Monday, March 26, 2012

Tribe over Tribe; Community Against Community

The picture that emerges from Sanford, FL, where Trayvon Martin was killed by a self-appointed neighborhood cop in a gated community is a picture of a society moving toward de-facto apartheid.

Gated communities patrolled by non-governmental civilian forces, on the lookout for people "who don't belong here."

It is a continuation of patterns of power and violence from the past.

There are parts of this country where, for a long time, the social structure was one racial community controlling another racially defined people.  White people over the slaves and the former slaves.  The settlers over the natives.  These social systems were not maintained and enforced only by police and troops, but also by community mobilization.   Every white was seen as having the duty to help control every black.  Any white over any black.

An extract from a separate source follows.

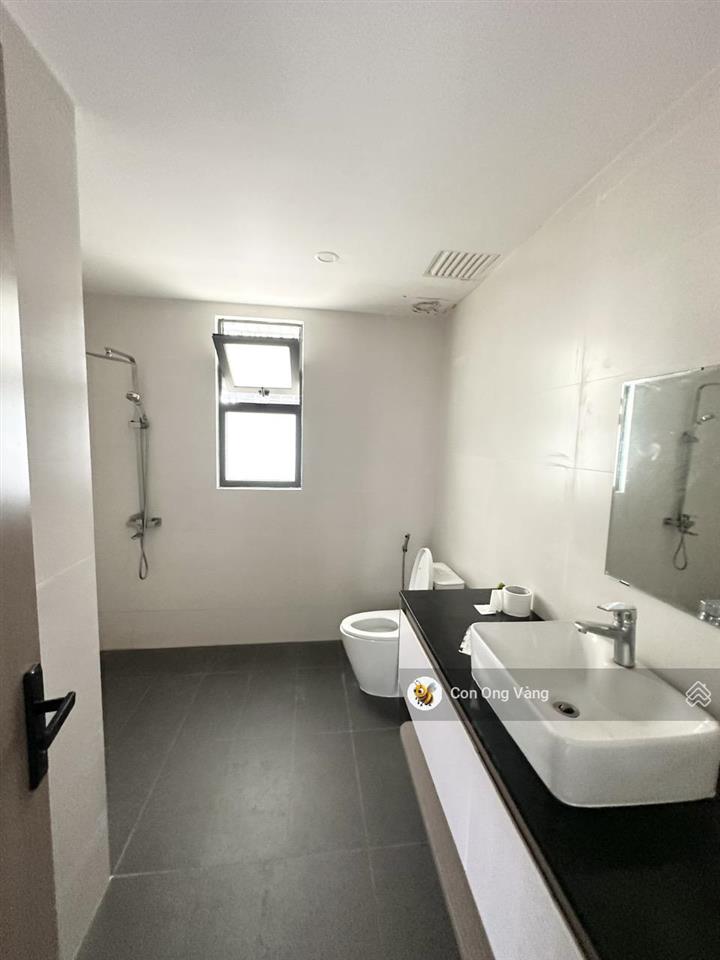 Cần bán nhà góc hà quang 2 nhà 4,5 tầng thiết kế đẹp, hiện đại, có thang máy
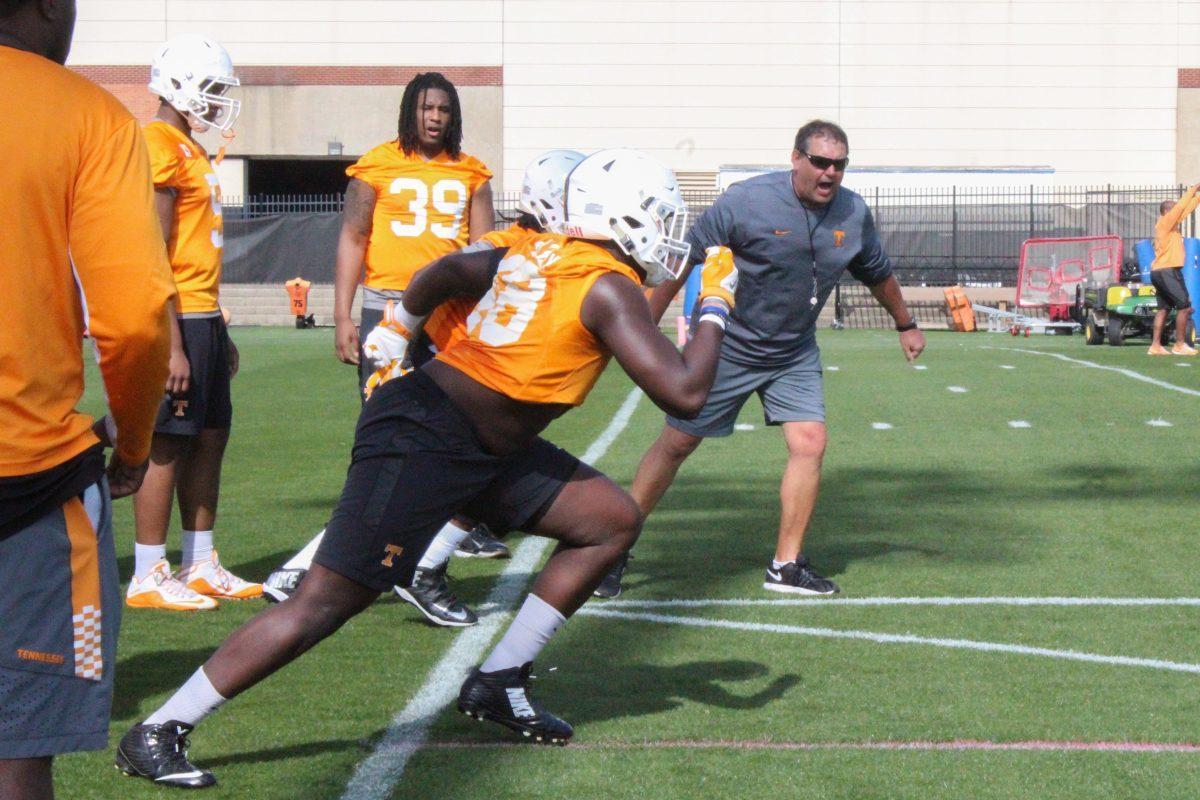 Tennessee Volunteers defensive line going through drills during spring practice. 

Lynching were demonstrations of the collective power of the white community to control the African American  community.   Individuals who were thought to have violated the rules, the boundaries, were singled out for brutal and public execution -- unofficial, outside of the law.  A lynching showed what the real relations of power were.  That every level of government looked the other way made it perfectly clear.

George Zimmerman obviously thought that was the way that it still worked. He thought he was exercising legitimate power as a white person patrolling his community against black marauders.  Think of it, he shot a person while on the phone to the police.  He expected to be supported by the government.  And, considering the fact that he was not arrested, it was not a crazy expectation.


"Right to Carry" and "Stand Your Ground" and other such legislation is all based on this "all of us  control all of them" thinking.  They enable vigilantism, in that they carve out a space for non-state forces (neighborhood watch groups, for example) to use violence.  But, the rule of law assumes that  legitimate violence can only be exercised by the state.

The family of Trayvon Martin, and all of us who support them, have a pertinent question to ask.  Will every level of government look the other way -- giving the benefit of the doubt to white "defenders of their neighborhoods and communities?"

The reminder from President Obama that if he had a son, he would like Trayvon is a reassurance that "no;" every level of government will not.